HAYAL KIRIKLIĞI ve PİŞMANLIK
Hayal kırıklığı, ‘beklenen (= beklenti, umut) ile karşılaşılan (= sonuç)’ arasındaki olumsuz farktır ve bu farkın negatif bir duygu olarak kişiye geri dönmesi, kişideki yansımasıdır. Beklenen, aynı zamanda umuttur; umut gelecektedir/gelecektir; karşılaşılan ise, ândır/ândadır; gelecek de (bir gün) gelecektir. Hayat kırıklığına, umudun boşa çıkması (= umut kırıklığı) da denir. Hayal kırıklığı, daha çok, kişinin kendinden, kendi yapıp-etmelerinden kaynaklanmaz; güvendiği (= inandığı) insanların yapıp-etmelerinden kaynaklanır.
Pişmanlık da gelecekte (= gelecek geldiğinde, o ânda) yaşanan olumsuz (= negatif) bir duygudur; ama bu duygu, tamamen kişinin yapıp-etmelerinden kaynaklanır.
Normalde, geleceğin geleceğine inanmayanlarda hayal kırıklığı da pişmanlık da yaşanamaz!.
Yaşlılık ve ölüm gibi âhiret de (bir) gelecektir.
Âhirete inanan Müslümanlar hayal kırıklığı yaşamayacaklardır.
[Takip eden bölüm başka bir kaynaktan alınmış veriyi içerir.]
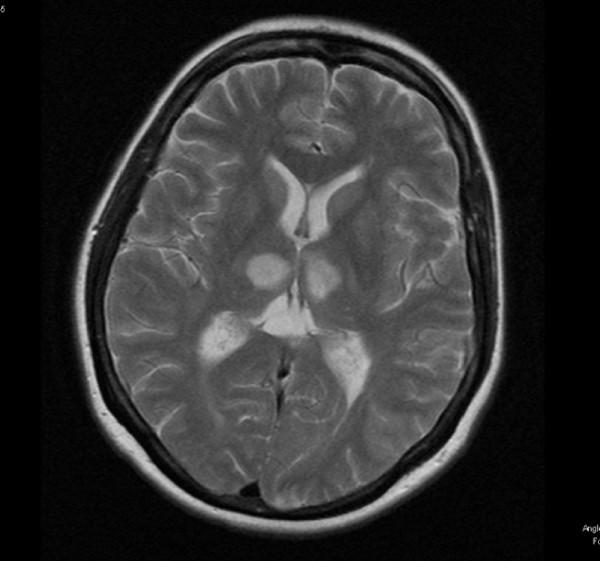 https://cdn.ncbi.nlm.nih.gov/pmc/blobs/79cd/2278152/651db41b25d6/1752-1947-2-75-1.jpg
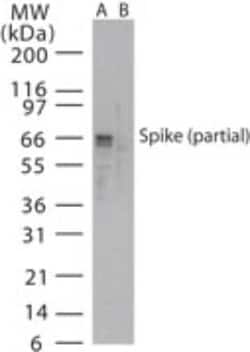Invitrogen SARS Coronavirus Spike Protein Polyclonal Antibody 100 &mu;g | Buy Online | Invitrogen&trade; | Fisher Scientific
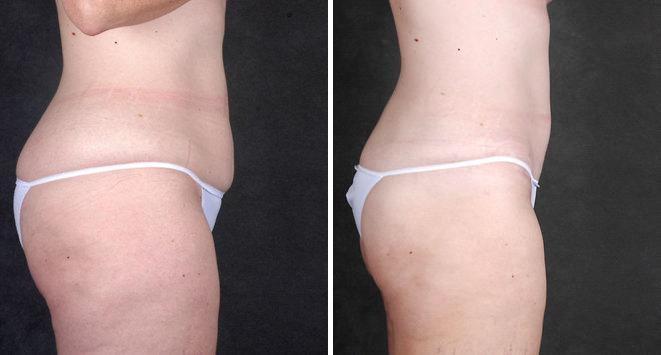 Liposuction Before and After Photos in Omaha, NE, Case 4287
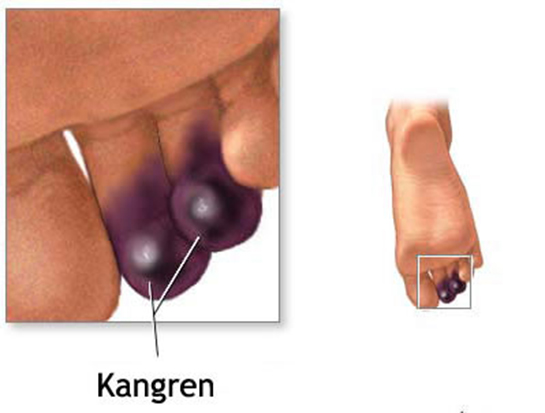 Kangren Belirtileri ve Tedavisi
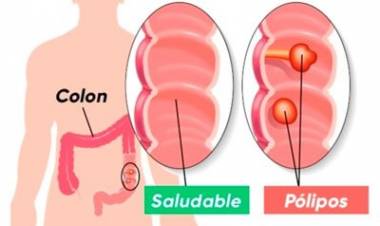 Cáncer de Colon: la prevención es fundamental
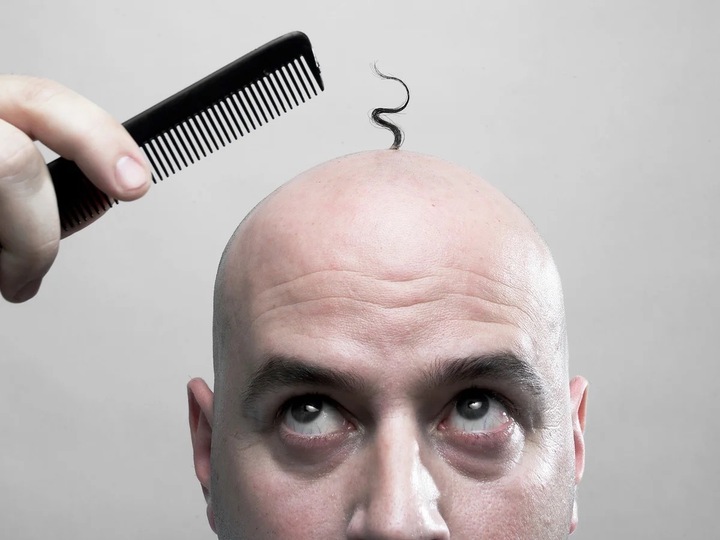 Quốc gia n&agrave;o c&oacute; nhiều người h&oacute;i nhất thế giới? - Ảnh 1.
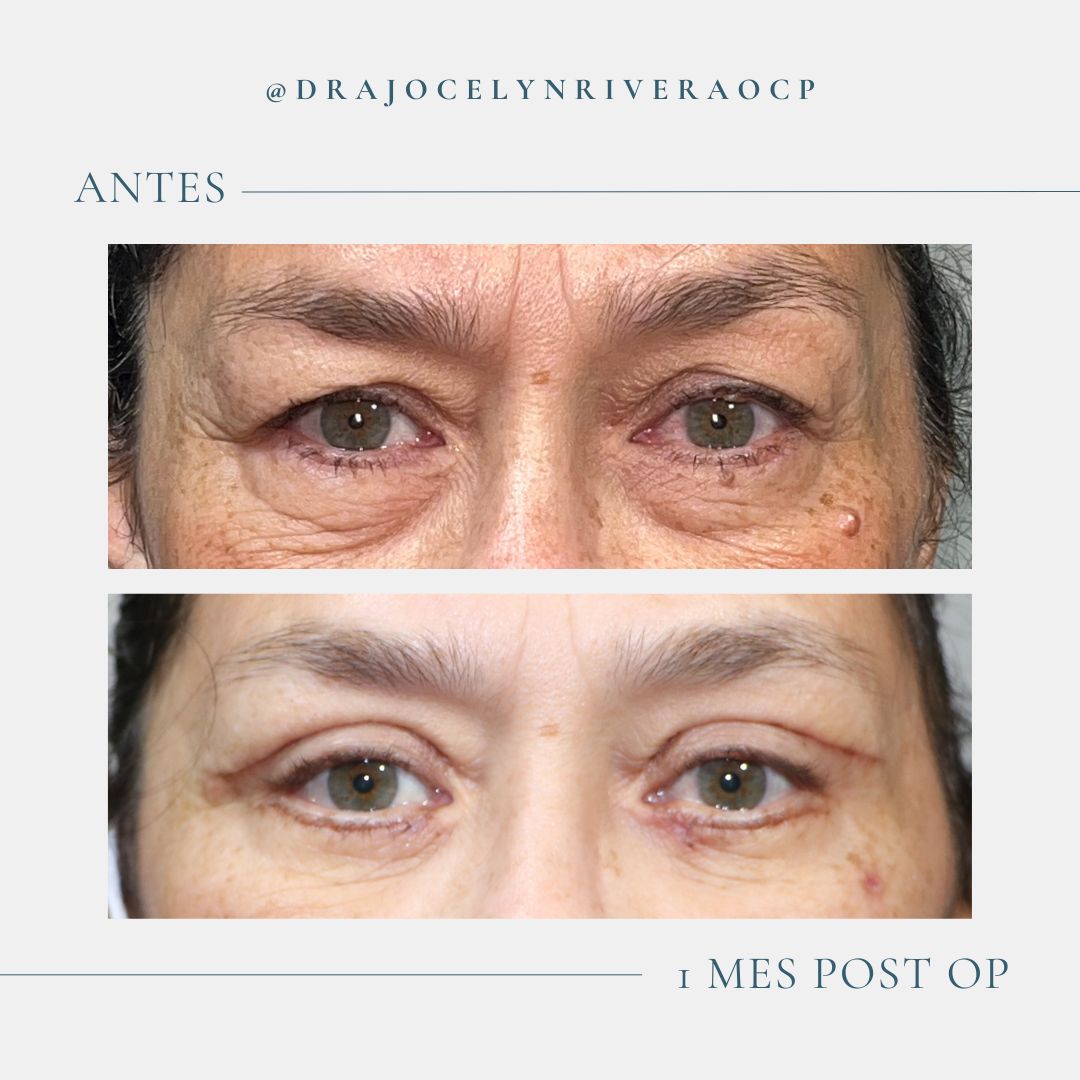 Ivonne Jocelyn Rivera Alvarado-1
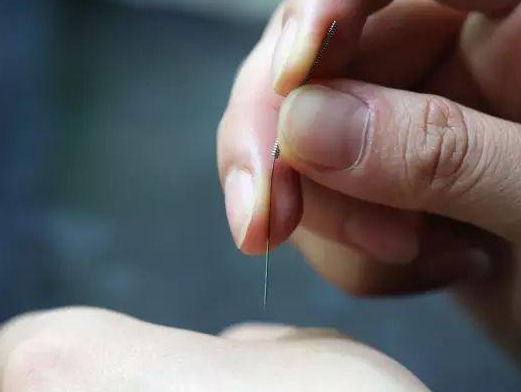 三棱針療法治療高燒嗎？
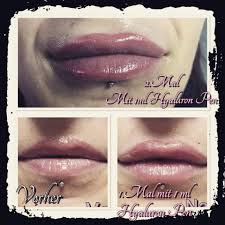 Lippen und nasolabialfalten aufbau mit hyaluronpen von noblesso. Crizia Nails Tolles Ergebnis Abgeheilte Lippen Nach 1 Facebook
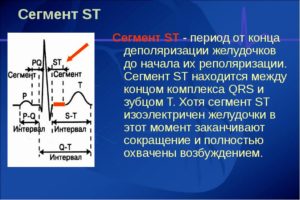 Что значит снижение сегмента ST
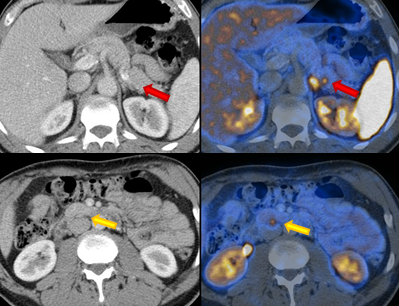 On the axial fused images, a focal DOTATATE accumulation in the pancreas can be localized (red arrow), which corresponds to a small neuroendocrine tumor that could not be delineated with the CT. There is also a lymph node metastasis dorsal to the pancreas (yellow arrow).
Çünkü : Hiç kimse, bibaşkasının suçundan dolayı olumsuz bir durumla karşılaşmayacak = “ve lâ teziru vâziratün vizra uhrâ.”; ama, her hâlükârda pişmanlık yaşayacaklardır. = Niye daha kaliteli ve daha iyi bir Müslüman olamadım, diyeceklerdir.
Âhirete inanmayanlarda da -- âhirete dair bir hayal (= bir gelecek tasarımı, planı) olmadığı için -- hayal kırıklığı olmayacak ama büyük ve derin bir pişmanlık olacaktır.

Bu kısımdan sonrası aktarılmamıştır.